Results: Mean overall UMAT score at entry was 60/100 and mean GPA during university study was 6.1 (range, 1–7), with a correlation coefficient of 0.15 (P = 0.005). This relationship existed only in the first year of university study. For UMAT Section 1 score, the correlation coefficient was 0.14 (P = 0.01); for UMAT Section 2, the correlation coefficient was 0.06 (P = 0.29); and for UMAT Section 3, the correlation coefficient was 0.09 (P = 0.11). UMAT overall score for men (60.2) and women (59.8), and GPA for men (6.1) and women (6.2) were similar. However, men performed better in Section 1 (mean score 61.6 v 61; P = 0.05) and Section 3 (63.2 v 60.7; P < 0.001), whereas women performed better in Section 2 (58.5 v 55.8; P = 0.009).

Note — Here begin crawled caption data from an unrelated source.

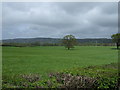 Farmland, Havyatt Farm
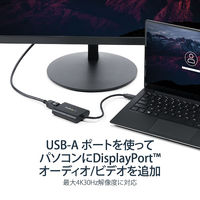 Startech.com USB - DisplayPortアダプタ 3.0対応 4 USB32DPES2 1個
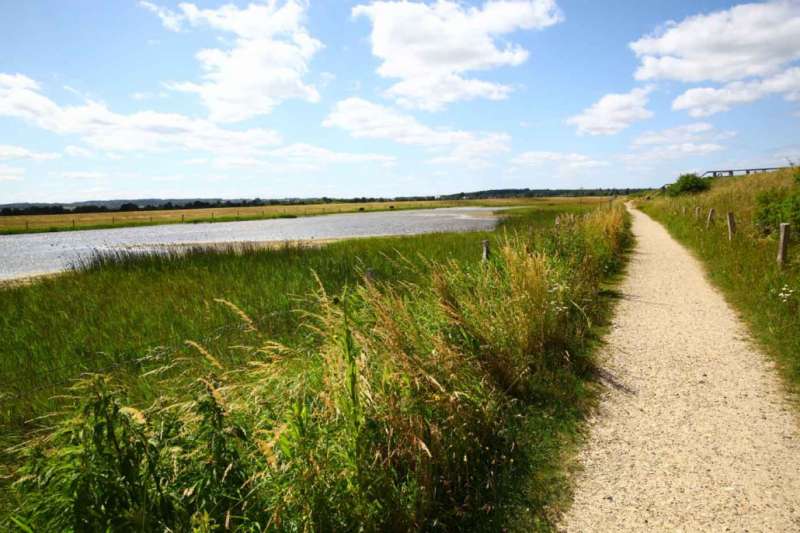 Bild von Behrensdorf Ferienwohnung Ostsee kl. Fewo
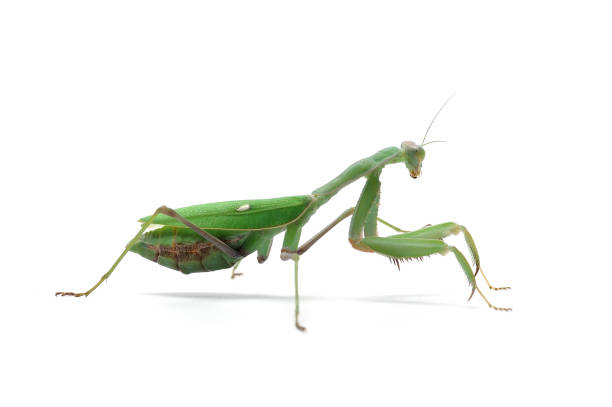 istock Giant green mantis isolated on white background 862422096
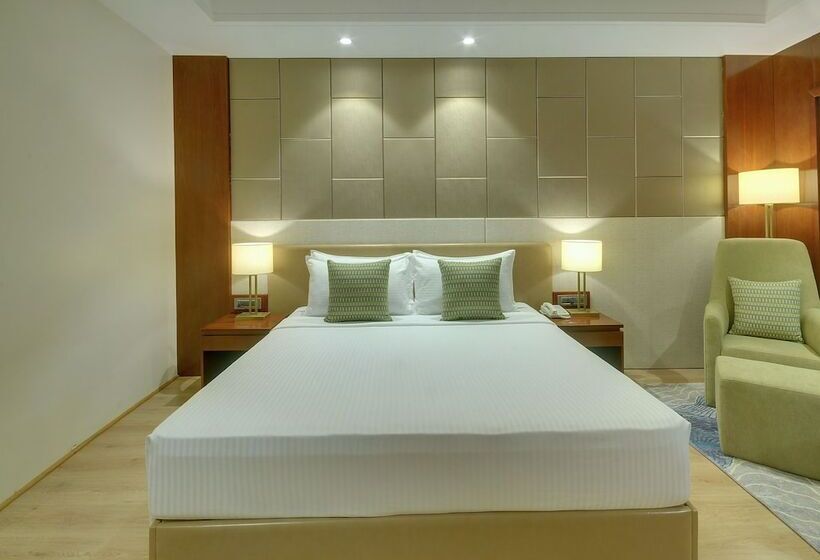 エクゼクティブルーム, Lemon Tree Premier, Dwarka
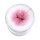 LiLu´s Farbverlaufsgarn Rosenwölkchen Anemone außen 4fach - 200g/760m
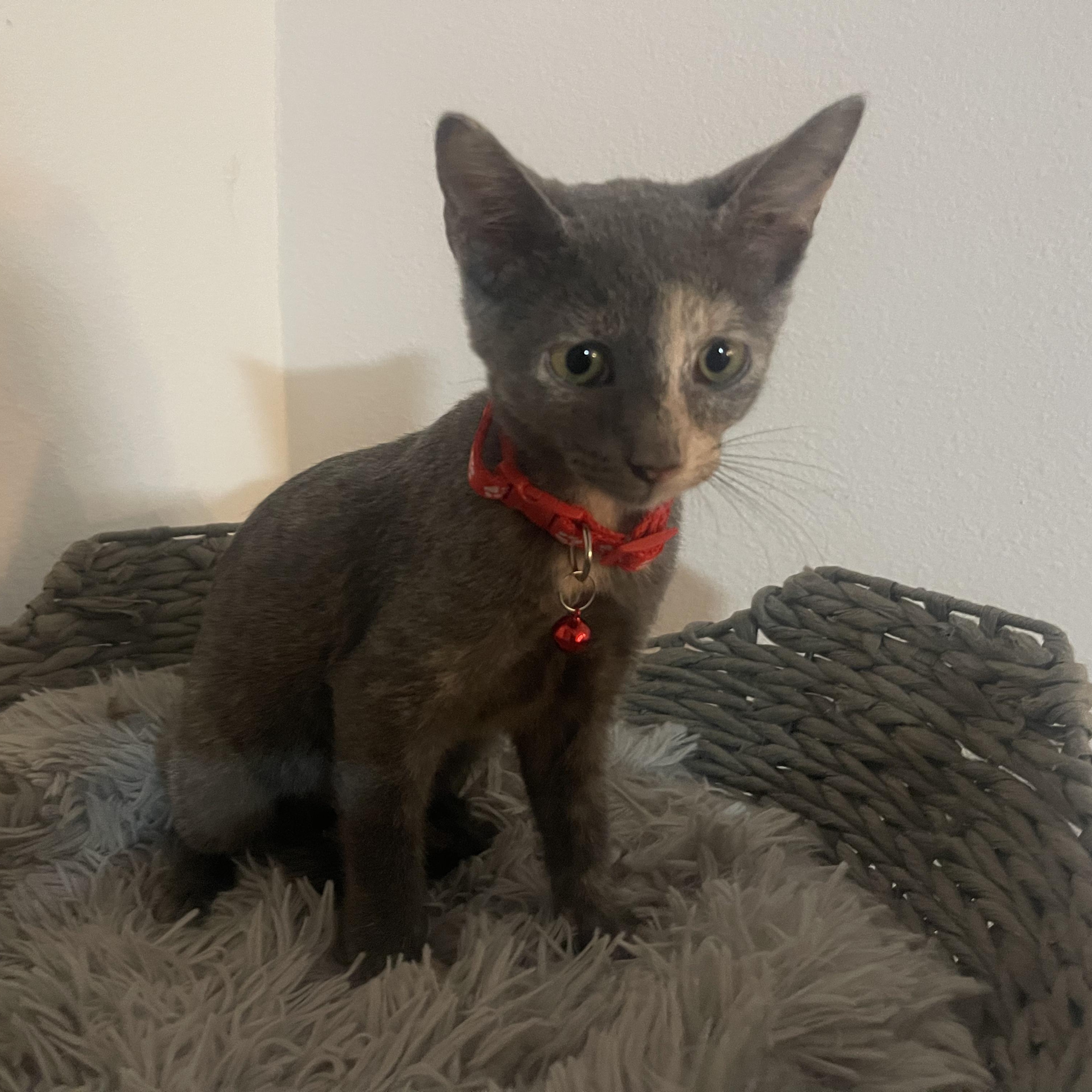 Enlarge Harper (aka Pinky), a Adoptable Dilute Tortoiseshell in Maitland, FL image 4/5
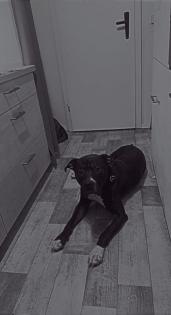 Canecorso boxer old englisch Bulldog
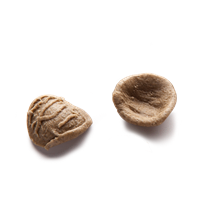 ORECCHIETTE GRANO ARSO GRANORO N°411 GR.500X12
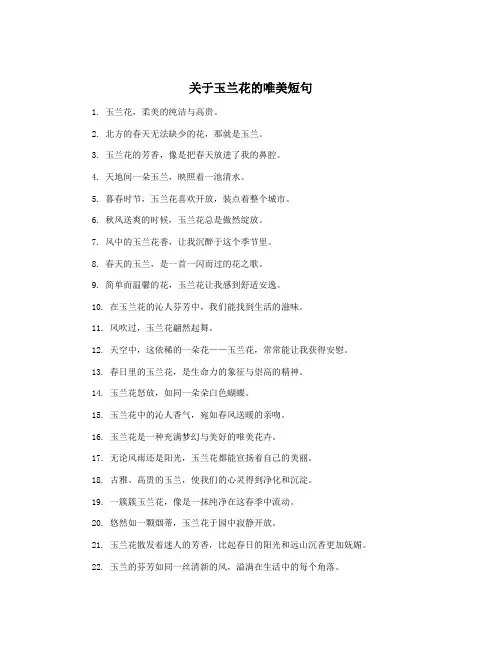 关于玉兰花的唯美短句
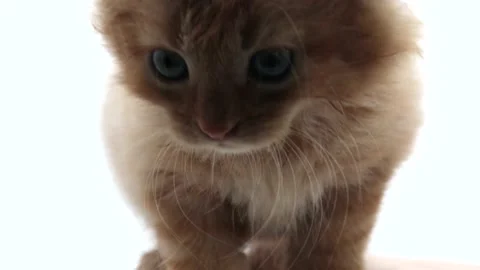 Kitten ginger Maine Coon on white background 2 4K Stock Footage 132333232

In multivariate analysis, only correlation between GPA and UMAT Section 1 score remained significant but was weak and lasted for 1 year of university study.
Selection of students into medical degree programs is highly visible and competitive. On one hand, there are many more suitable candidates than there are places. This requires the selection process to manage supply and demand in a defensible and transparent manner, usually focusing on academic ability. On the other hand, there is an understandable desire to select medical students who are most likely to become good doctors. This entails considering non-academic factors.1
In Australia and New Zealand, selection of students into medical study directly from high school typically uses a combination of academic performance at school, performance on a standardised test (the Undergraduate Medicine and Health Sciences Admission Test [UMAT]) and an interview. In 2009, 14 universities in Australia and New Zealand used the UMAT as part of their selection processes.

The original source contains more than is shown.